NAPA graduates hold workshop at T2F to teach people how to perform stories.

A training session on performing stories was held at T2F on Saturday morning. A group of Qissah Farosh want to revive the lost art of storytelling. PHOTO: AYESHA MIR/EXPRESS

KARACHI:


The storysellers are not only training to revive the lost art of qissa khwani, they are also preparing to take over the storytellers.


The storytellers and the grandparents, for that matter, have reason to worry as the people who were trained in Saturday’s story- performance workshop at The Second Floor cafe look as if they will be better equipped for the task than their forerunners. They were trained to perform the story instead of only telling it.

The workshop was organised jointly by a group of National Academy of Performing Arts graduates, who have named themselves as Qissa Farosh (storysellers) and publisher, Kitab. They are focusing on making traditional children’s literature accessible in Urdu and English to the younger generation in a more presentable form.

There were about a dozen students, mostly between the ages of 25 and 35 years, exercising and performing enthusiastically their pieces from the works of Sufi Ghulam Mustafa Tabassum and their translations by Musharraf Ali Farooqi.

Their trainers, Adnan Jaffar and Zohair Raza, corrected them along the way.




Kitab’s Sharjeel Ahmad said that this workshop has adopted a two-pronged approach. “The story performances in schools will make the students familiar with our traditional stories and this will encourage parents to buy their children our traditional literature,” he explained.

“We need to be storysellers where the task has become quite an art and needs training and a lot of drills,” said actor Adnan Jaffar, who is also the co-founder of the group, Qissa Firosh, along with his wife Farheen Zehra Jaffar. “We chose story pieces that have a performance margin in them and it is great to see that they are not only learning to perform but are also improvising in a creative way.”

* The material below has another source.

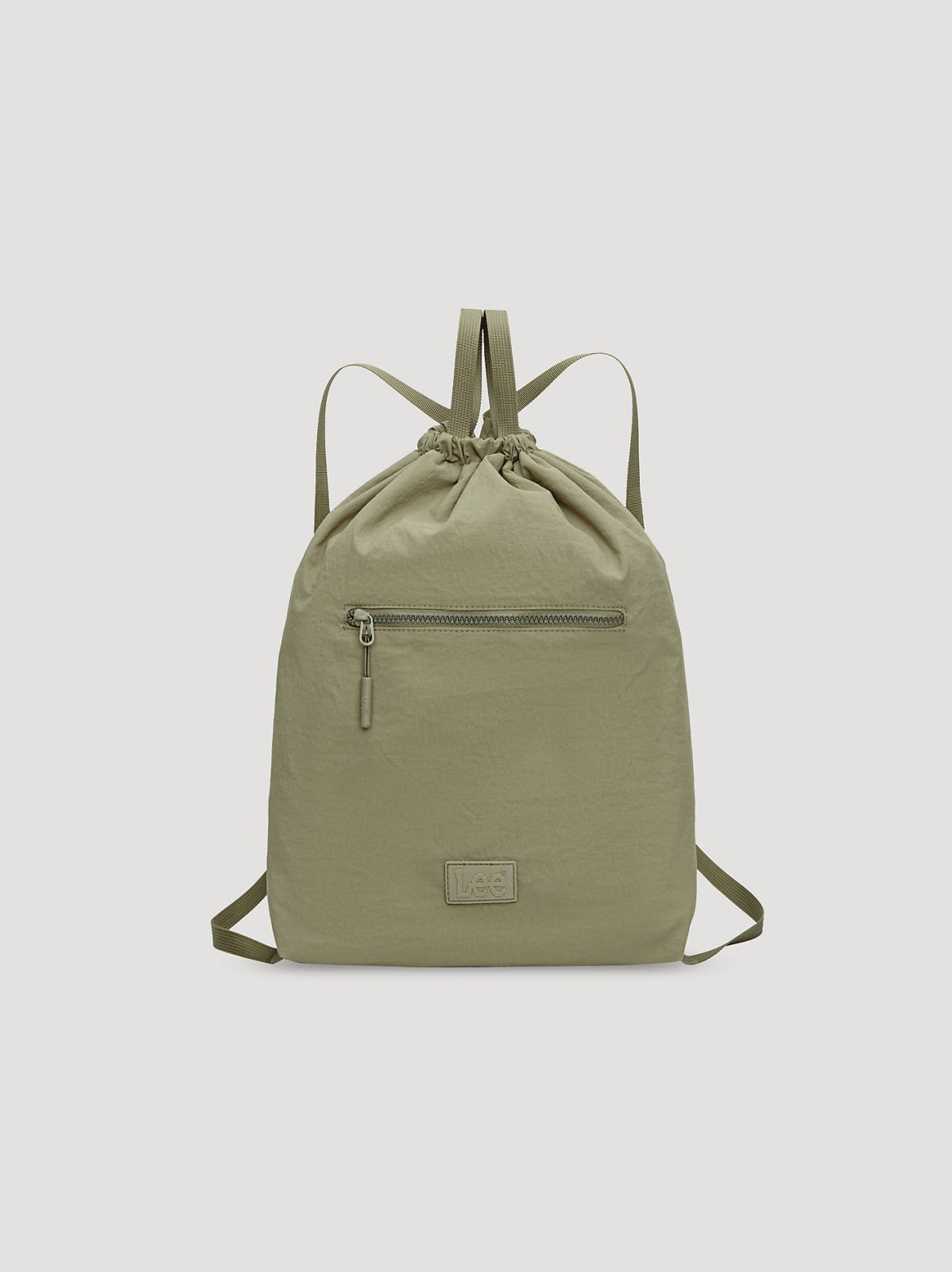 Women's Lightweight Drawstring Backpack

The group has performed the Urdu works of Patras Bokhari and Farhatullah Baig and it is now training for a children’s story, said Farheen. Since there are no storytelling sessions in our modern day nucleus families, the solution is to hold story performance sessions in schools, she added. “This is the mindset that brought Qissa Firosh and Kitab together to start this project.”

She added that this is a pilot project and they will go into more depth if it proves to be successful.

Workshop student Essa Allahwala, a corporate trainer by profession, told The Express Tribune that he found the training of performing stories very useful. Any audience, including the children, understands and retains the content that is communicated to them in the form of a story, he said.

Another student Sarah Shaikh , who works for deaf and dumb students from the platform of Family Educational Services Foundation, said that the workshop training will help her improve Pakistan Sign Language because it involves a lot of communication through signs and performance rather than uttering words.

Correction: A previous version of the story erroneously mentioned 'Zohair Raza' as 'Sohail Raza'. The error is regretted.

Published in The Express Tribune, February 2nd, 2014.